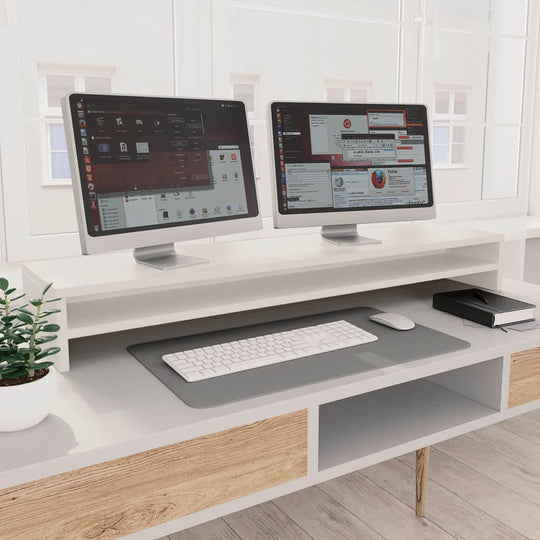 Modern white monitor stand with two screens on a desk, enhancing workspace efficiency and reducing strain.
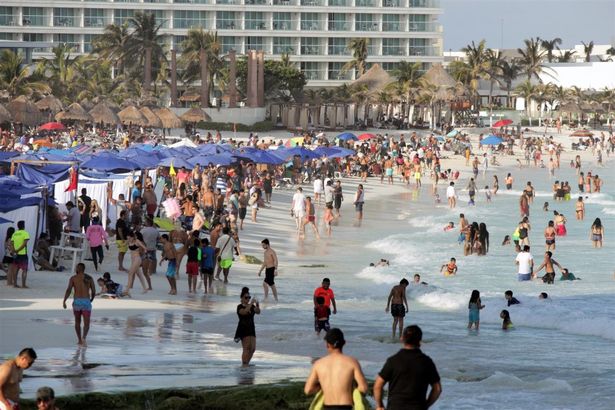 Tourists at Cancun Beach Forum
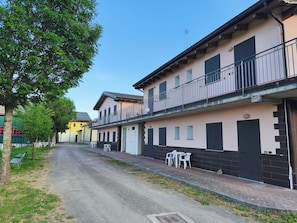 Una calle con edificios, un árbol y mobiliario exterior.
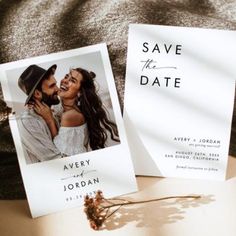 two wedding save the dates cards sitting next to each other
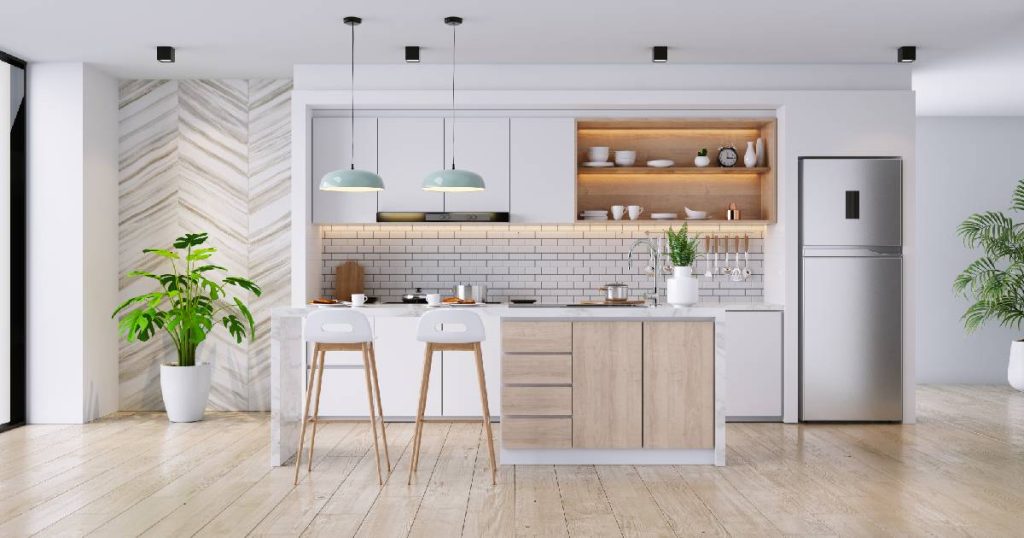 Een gerenoveerde keuken met houten vloer, keukeneiland met bar en zachte paarse pasteltinten.
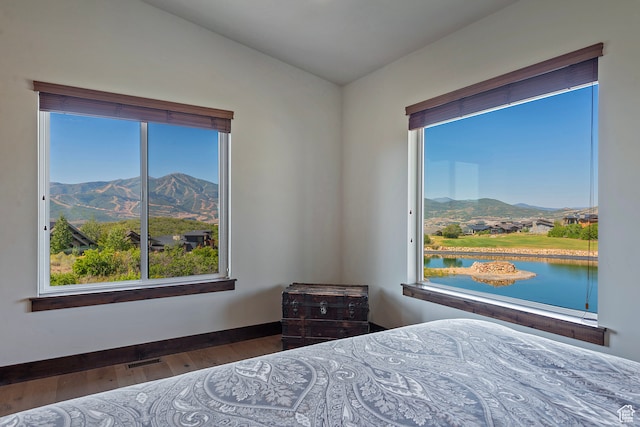 1375 E Lasso Trl, Hideout, UT 84036 - bedroom featuring wood-type flooring and a water and mountain view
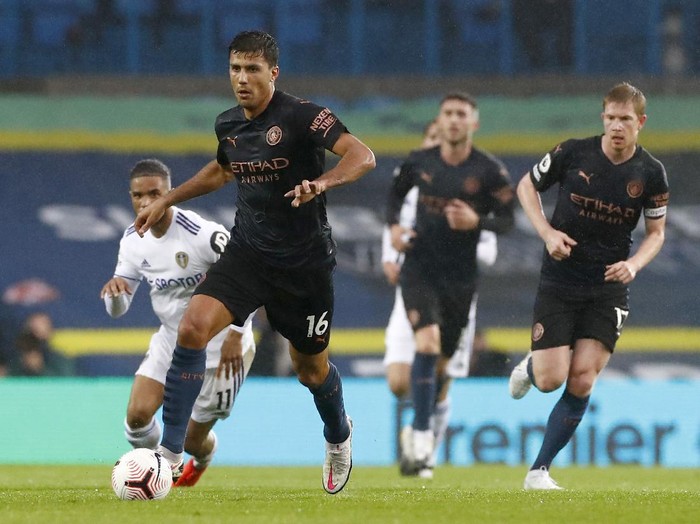 Manchester Citys Rodrigo, left, runs with the ball during the English Premier League soccer match between Leeds United and Manchester City at Elland Road in Leeds, England, Saturday, Oct. 3, 2020. (Jason Cairnduff/Pool via AP)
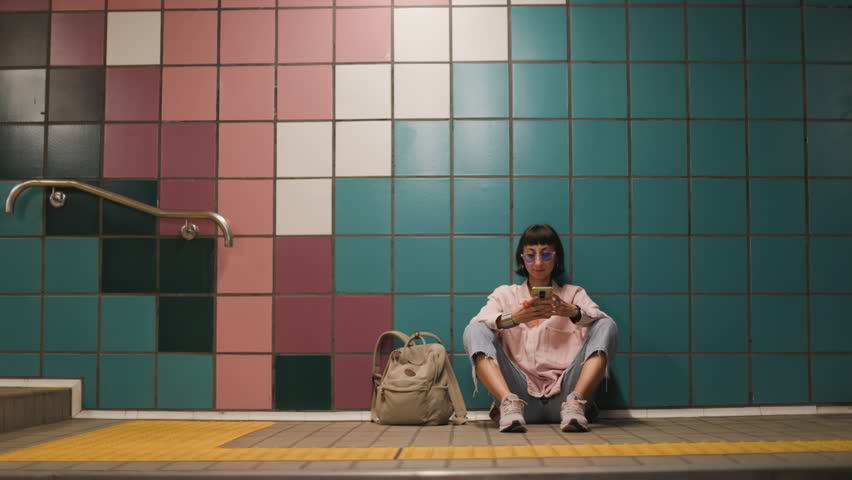 Young woman waiting for train at station and using her phone. watch schedule. Traveling by public transport.  Young girl in stylish clothes with backpack in subway.  - Powered by Shutterstock - Get 15% off with code: PIKWIZARD15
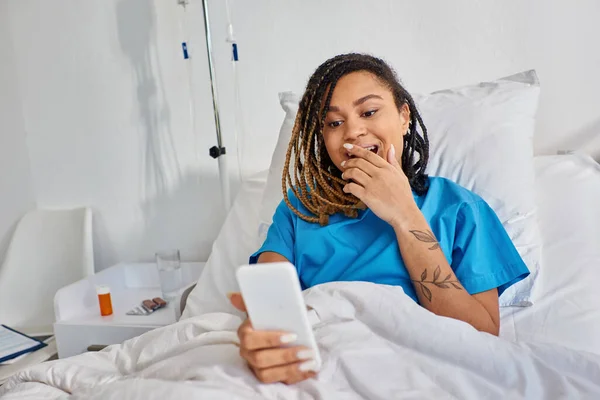 Atraente jovem afro-americana tendo vídeo chamada enquanto deitado na cama do hospital, cuidados de saúde — Fotografia de Stock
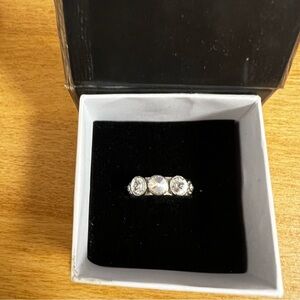 Three rhinestone silver tone engagement ringSize 7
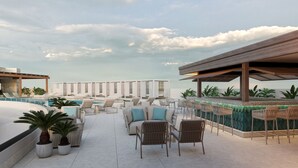 Un área de piscina en la azotea con sillones de descanso, un bar y vistas al océano.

——————

Exactly restate the lines from the beginning of the data through the line with "Three rhinestone silver", and no others, keeping pictures out.

- **SOLUTION**
 Modern white monitor stand with two screens on a desk, enhancing workspace efficiency and reducing strain.
 Tourists at Cancun Beach Forum
 Una calle con edificios, un árbol y mobiliario exterior.
 two wedding save the dates cards sitting next to each other
 Een gerenoveerde keuken met houten vloer, keukeneiland met bar en zachte paarse pasteltinten.
 1375 E Lasso Trl, Hideout, UT 84036 - bedroom featuring wood-type flooring and a water and mountain view
 Manchester Citys Rodrigo, left, runs with the ball during the English Premier League soccer match between Leeds United and Manchester City at Elland Road in Leeds, England, Saturday, Oct. 3, 2020. (Jason Cairnduff/Pool via AP)
 Young woman waiting for train at station and using her phone. watch schedule. Traveling by public transport.  Young girl in stylish clothes with backpack in subway.  - Powered by Shutterstock - Get 15% off with code: PIKWIZARD15
 Atraente jovem afro-americana tendo vídeo chamada enquanto deitado na cama do hospital, cuidados de saúde — Fotografia de Stock
 Three rhinestone silver tone engagement ringSize 7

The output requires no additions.